Editorial
von Michael Sauer
Deutsche Auslandsschulen waren immer ein Spiegel staatlichen Selbstverständnisses und kulturpolitischen Sendungsbewusstseins. Freilich wäre es zu einfach, dabei nur von einer einseitigen Wirkungsrichtung auszugehen. Denn vor Ort befanden und befinden sich diese Schulen in lokalen und regionalen Netzwerken, innerhalb derer sie spezifische Funktionen für die örtlichen Milieus übernehmen. Die Bandbreite der Geschichte(n) deutscher Auslandsschulen wird in diesem Heft in drei Fallstudien ausgelotet. Sie werden gerahmt durch einen Überblicksartikel und ergänzt durch einen Beitrag, der sich mit der heutigen Unterrichtspraxis an den Auslandsschulen – mit Fokus auf dem Fach Geschichte – befasst.
Im Jahre 2013 hat die Bundesrepublik Deutschland für das Auslandsschulwesen 260 Millionen Euro aufgewendet, mehr als ein Drittel des Etats für auswärtige Kulturpolitik. Schon angesichts dieser Gegenwartsbedeutsamkeit, so Christian Kuchler in seinem Einführungsartikel, verwundere es, dass über die Geschichte der Auslandsschulen nur wenig bekannt sei. In einem knappen Forschungsüberblick resümiert er, dass fundierte Studien zum Thema weitgehend fehlen, und liefert dann einen knappen historischen Abriss. Nach Vorläufern nahm das Auslandsschulwesen seinen großen Aufschwung mit der Gründung des Kaiserreichs 1871. Die Schulen sollten bei den Deutschen oder Deutschstämmigen im Ausland das "Deutschtum" erhalten oder stärken und zugleich auf die einheimische Bevölkerung kulturpolitisch einwirken. Diese Stoßrichtung verstärkte sich in der Zeit des Nationalsozialismus: Man wollte Auslandsdeutsche und einheimische Führungsschichten propagandistisch beeinflussen. Der Wiederaufbau des deutschen Auslandsschulwesens seit den späten 1950er-Jahren vollzog sich zunächst ohne einen ausdrücklichen konzeptionellen Neubeginn. Erst in den 1970er-Jahren entstand eine neue kulturpolitische Leitidee als Ausfluss eines gewandelten staatlich-gesellschaftlichen Selbstverständnisses: die Schulen als Orte der Begegnung zwischen unterschiedlichen Kulturen.

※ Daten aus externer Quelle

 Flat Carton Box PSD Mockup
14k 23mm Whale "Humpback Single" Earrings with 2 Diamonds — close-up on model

In seiner Studie über deutschsprachige Schulen in der Lombardei zeigt Gerd Vesper, wie im Kontext der habsburgischen Reform- und insbesondere Schulreformpolitik die Schulgründungen der Verbreitung der deutschen Sprache auch als Instrument der Herrschaftssicherung dienen sollten. H. Glenn Penny setzt den Akzent auf der Funktion der Schulen innerhalb lokaler Netzwerke; durch die Konzentration auf die (national)staatliche Ebene werde diese eher verdeckt. Am Beispiel Chiles macht er deutlich, dass die zunächst in Eigeninitiative gegründeten Schulen gewissermaßen Knotenpunkte für kulturell und sozial unterschiedliche deutsche Gemeinschaften bildeten. Die zunehmende institutionelle Unterstützung aus Deutschland war insofern ambivalent: Sie verbesserte die materielle und personelle Basis, führte aber auch zu vermehrter Einflussnahme von außen.

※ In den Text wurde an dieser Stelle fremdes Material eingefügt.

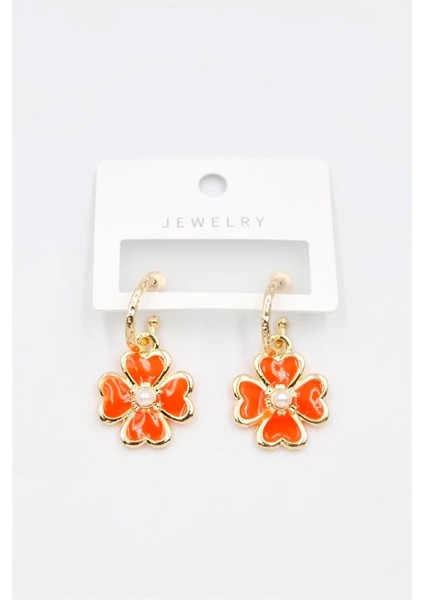 Çiçek Küpe - Turuncu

In seinem Beitrag zur deutschen Schule in Yokohama geht es Sven Günther ebenfalls darum, wie sich die Wandlungen der deutsch-japanischen Beziehungen und der Verhältnisse in Deutschland selbst auf die Schulgeschichte ausgewirkt haben. Als Forschungsdesiderat nicht nur für diese Einrichtung benennt er – ähnlich wie Penny – neuere Ansätze wie die Netzwerkanalyse, für deren Realisierung freilich einschlägige Archivbestände und andere Materialien erschlossen und verknüpft werden müssten. Hans-Joachim Cornelißen schließlich befasst sich mit den Unterrichtskonzepten und -bedingungen in den heutigen Auslandsschulen. Aus der Perspektive Einheimischer wird das Fach Geschichte vornehmlich fremdsprachlich erteilt. Das führt zu generellen, aber auch fachspezifischen Verständnisschwierigkeiten. Nicht unerheblich sind zudem die Verwerfungen, die sich aus einem anderen Konzept des Faches und anderen Unterrichtsformen ergeben – "Begegnungsschule" bedeutet also immer auch Begegnung unterschiedlicher Unterrichtskulturen.
INHALT DER GWU 5–6/2016
ABSTRACTS (S. 258)
EDITORIAL (S. 260)
BEITRÄGE
Christian Kuchler Deutsche Visitenkarten in der Welt. Geschichte des Auslandschulwesens als Instrument auswärtiger Kulturpolitik (S. 261)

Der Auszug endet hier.